This project is open to all Arizona photographers and is best suited for those with a unique interest in landscape, place, and history. The selected artist will work with the Phoenix Office of Arts and Culture and the Phoenix Downtown Development Office to determine sites to document. The finished portfolio would become a valuable historical record for future residents and historians of downtown. The photographs will be framed and exhibited in public areas of city buildings. Additional funds may be requested in the future to publish the photographs and exhibit them on the Web.

Photographers working with analog and/or digital methods are encouraged to apply. Materials used to produce final portfolio images must be archival to ensure long-term storage and exhibition potential. The final portfolio must be either 16” x 20” or 20” x 24” for exhibition. The selected photographer will be asked to submit a digital copy of the portfolio in addition to a hard copy, for future publication purposes.

BUDGET
This project has an estimated budget of $35,000.The available budget must cover all costs related to the artwork including artist fee, production, fabrication, framing, and scanning of images.


ELIGIBILITY
This project is open to professional artists residing in Arizona. Priority may be given to artists who have not yet received a commission with the Phoenix Office of Arts and Culture. City of Phoenix employees, selection panelists and panelists’ immediate family members, are excluded from participation on these projects.


APPLICATION DEADLINE
The postmark deadline for this project is Friday, December 12th. Applications not received in person by 5 p.m. local time or postmarked by this date will be returned unopened and will not be considered. Mail or deliver applications to:

Phoenix Office of Arts and Culture
Public Art Program
ATTN: Phoenix 360
200 W. Washington St., 10th Floor
Phoenix, AZ 85003

SELECTION PROCESS
Artists may be selected directly from initial submitted applications, or the selection panel may elect to interview a limited number of finalists from among the initial applications. The primary criteria for selection will be previous artistic accomplishment as demonstrated in slides of completed artwork, and initial approach to the project as demonstrated in the artist’s statement.

SELECTION PANEL
The Phoenix Office of Arts and Culture convenes a new selection panel for each public art project. The selection panel will include a community member, a representative from the Phoenix Downtown Development Office, artists and other arts professionals. Staff from the Phoenix Office of Arts and Culture Public Art Program does not vote. It facilitates the selection process.

APPLICATION REQUIREMENTS
All submissions should include the following:

1) One copy of a current resume, no more than two pages in length and printed on white paper in no less than 10-point font. (Panel members will be obligated to review only the first two pages of each resume.)

2) Fifteen digital images of previous artwork that demonstrates a clear artistic vision and the ability to explore a subject in series, formatted as follows:
jpeg format, up to 200 dpi, maximum 600 x 800 pixels, presented on a PC compatible CD-ROM. Name files with artist name and number per image list. (e.g.: smith_1.jpg, smith_2.jpg). Please note that excessively large files will not read on the City’s computers and will be cause for disqualification.

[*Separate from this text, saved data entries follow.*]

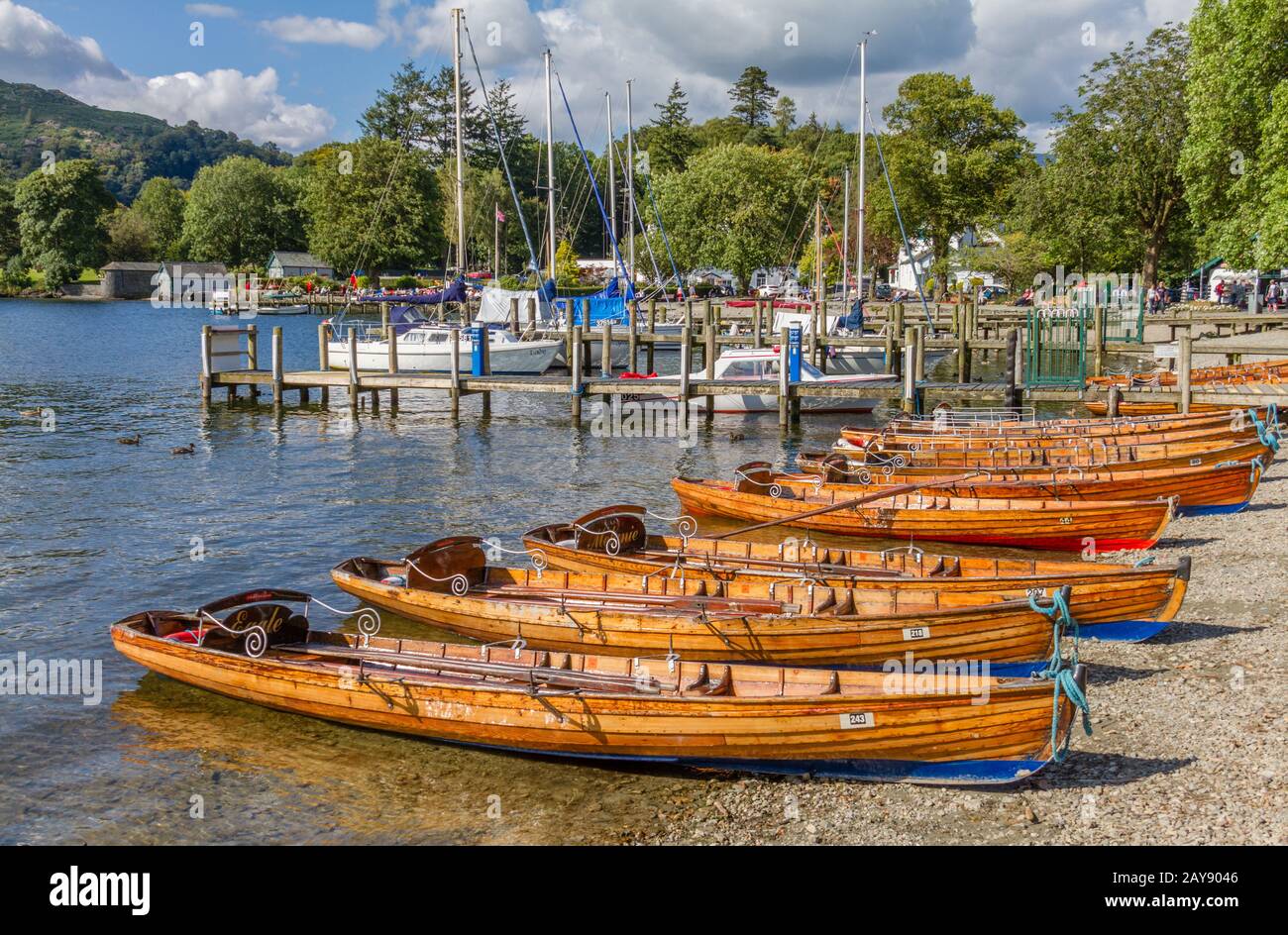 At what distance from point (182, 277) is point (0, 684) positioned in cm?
11263

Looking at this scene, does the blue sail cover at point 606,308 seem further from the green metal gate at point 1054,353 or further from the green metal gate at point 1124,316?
the green metal gate at point 1054,353

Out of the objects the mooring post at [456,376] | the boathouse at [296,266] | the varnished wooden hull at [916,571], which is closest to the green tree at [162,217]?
the boathouse at [296,266]

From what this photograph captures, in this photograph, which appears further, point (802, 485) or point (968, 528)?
point (802, 485)

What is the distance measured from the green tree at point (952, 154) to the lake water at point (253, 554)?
3160 cm

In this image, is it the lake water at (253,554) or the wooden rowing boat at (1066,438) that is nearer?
the lake water at (253,554)

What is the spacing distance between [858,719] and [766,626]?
2938mm

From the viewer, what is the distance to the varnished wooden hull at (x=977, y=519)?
16516 millimetres

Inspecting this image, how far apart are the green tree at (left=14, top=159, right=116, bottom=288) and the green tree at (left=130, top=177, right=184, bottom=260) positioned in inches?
371

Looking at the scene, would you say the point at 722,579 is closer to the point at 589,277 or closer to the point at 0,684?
the point at 0,684

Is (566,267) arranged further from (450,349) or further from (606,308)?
(450,349)

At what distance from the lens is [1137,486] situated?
18359mm

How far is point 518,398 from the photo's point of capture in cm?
4169

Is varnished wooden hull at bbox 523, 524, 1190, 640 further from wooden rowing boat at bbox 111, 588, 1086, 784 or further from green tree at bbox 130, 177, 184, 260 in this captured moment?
green tree at bbox 130, 177, 184, 260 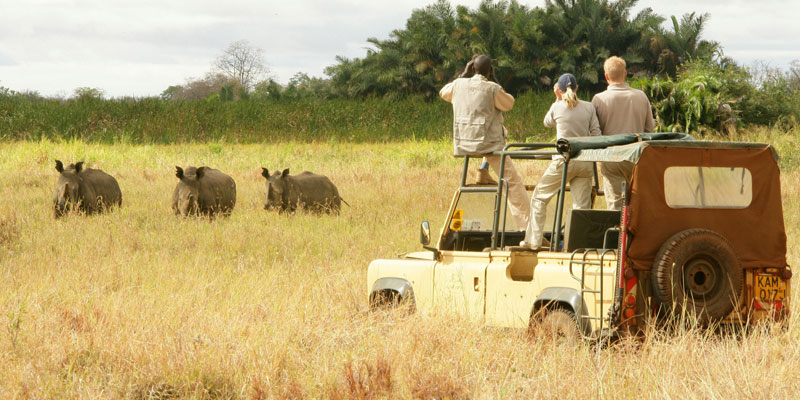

Please ensure that all files that you send electronically have been scanned by up-to-date virus scanning software. Incoming files with detected viruses are automatically deleted by the City of Phoenix computer system. The City assumes no responsibility or liability for undelivered or deleted files and emails.

3) One copy of an annotated, typewritten image list identifying images by number and listing media, size of the work (H x W x D), title, date and a brief description of the artwork if necessary.

4) A letter of interest, no more than one page in length, addressing initial approach to the project and experience in exploring landscape in a photographic series.

5) Three professional references, including telephone numbers, email contact, and mailing address.


6) A self-addressed, stamped envelope (SASE) with sufficient postage for the return of slides/CD if desired. Applications submitted without SASE will not be returned and will be destroyed upon completion of the selection process


DO NOT SEND ORIGINAL ARTWORK. Applicants are strongly encouraged to only send duplicate slides and to retain a complete copy of their application for their records. Late applications will not be considered. Do not bind materials. Every effort will be made to ensure the safe handling of materials submitted. However, the Phoenix Office of Arts and Culture and the City of Phoenix will not be responsible for any loss or damage.

QUESTIONS
For more information or a copy of this publication in an alternate format, contact Rebecca Blume Rothman at phone: 602-495-0893, City of Phoenix TTY Relay: 602-534-5500, or email: rebecca.rothman@phoenix.gov.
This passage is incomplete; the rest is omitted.